Wie ein kosmischer Superhaufen entsteht

Rainer Kayser

Zwei ausgedehnte Strukturen im All sowie zahlreiche Sterne.

Chandra X-ray Center

Galaxienhaufen bestehen aus mehreren Hundert oder gar Tausenden von einzelnen Galaxien. Dass solche ausgedehnten Systeme im Weltall zusammenstoßen, ist eher die Regel als die Ausnahme. Gerrit Schellenberger vom Harvard-Smithsonian Center for Astrophysics in den USA und seine Kollegen berichten jetzt jedoch von gleich vier Galaxienhaufen, die aufeinanderprallen – und dadurch eine der größten Strukturen im Kosmos formen: einen Superhaufen. Ihre Beobachtungen mit dem Röntgensatelliten Chandra sowie mehreren Teleskopen auf der Erde stellen die Wissenschaftler nun im Fachblatt „Astrophysical Journal“ vor.

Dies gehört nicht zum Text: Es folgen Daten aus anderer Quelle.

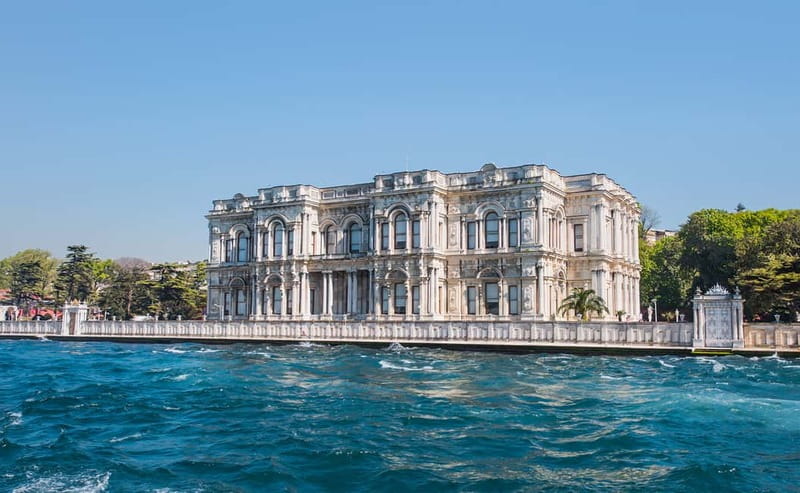 Istanbul: Bosphorus Cruise, Golden Horn, & Pierre Loti Hill - Fatih shopping and quick Turkish treats: keep it light, spend with intention
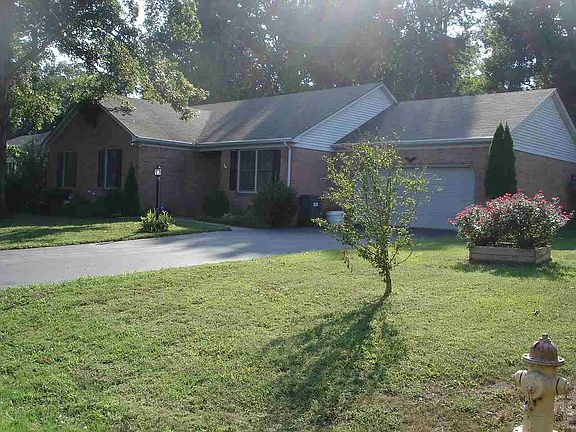 3rd image of 43 Mulberry Ave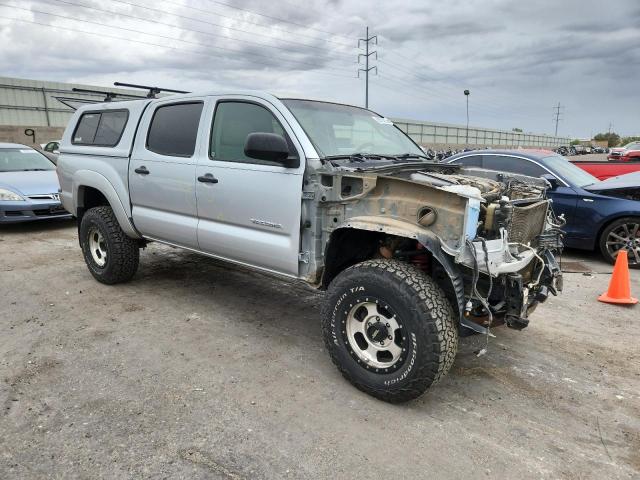 5TELU42N17Z464085 - 2007 TOYOTA TACOMA DOUBLE CAB SILVER photo 4
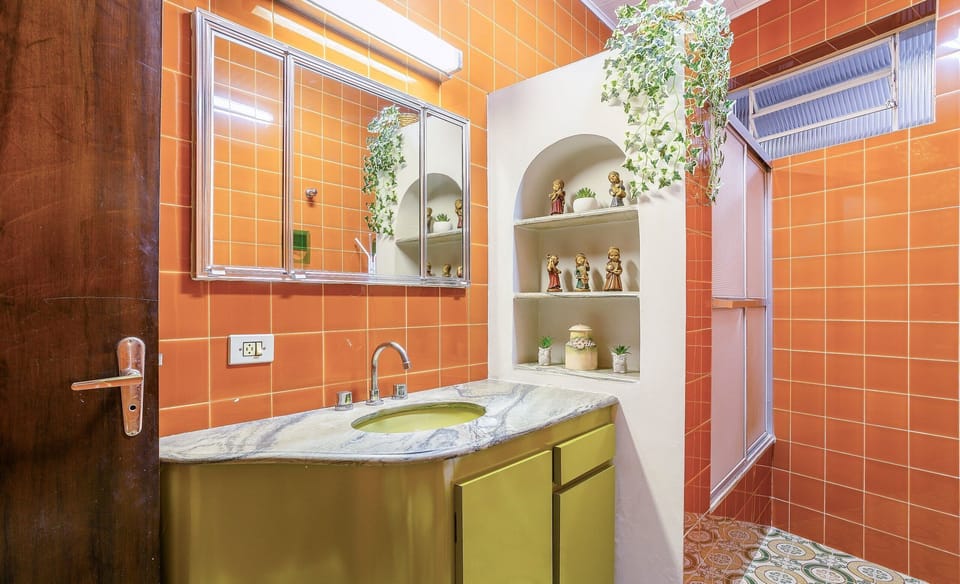 Basic Apartment | Bathroom | Shower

Die Kollision der vier Galaxienhaufen ereignete sich rund drei Milliarden Lichtjahre von uns entfernt am Rand des Sternbilds Jagdhunde. Abell 1758 – so die Katalogbezeichnung der Gesamtstruktur – besteht aus zwei engen Paaren von Galaxienhaufen, die sich aufeinander zubewegen. Während das südliche Paar kurz vor einem ersten Zusammenstoß steht, muss sich das nördliche Paar vor etwa 300 bis 400 Millionen Jahren bereits sehr nahegekommen sein, folgert das Team anhand der Aufnahmen.

Die Folgen dieser engen Begegnung konnten die Wissenschaftler um Schellenberger sogar jetzt noch beobachten: Der Zusammenprall des Wasserstoffgases, das sich zwischen den Sternsystemen der beiden Haufen befindet, löste damals eine gigantische Stoßwelle aus. Aus deren heutigen Stärke leiten die Forscher eine Kollisionsgeschwindigkeit von 2100 Kilometern pro Sekunde ab. Derzeit entfernen sich die beiden Galaxienhaufen zwar voneinander, doch in einigen Hundert Millionen Jahren dürfte sich diese Bewegung umkehren. Durch ihre gegenseitige Anziehungskraft werden die beiden Haufen schließlich erneut miteinander kollidieren.

Durch solche Zusammenstöße und Verschmelzungen können sich im Lauf von Milliarden Jahren immer größere Galaxienhaufen und sogar extrem große Superhaufen bilden. Für solche Kollisionen gibt es am Himmel zahlreiche Beispiele – etwa den bekannten Bullet Cluster.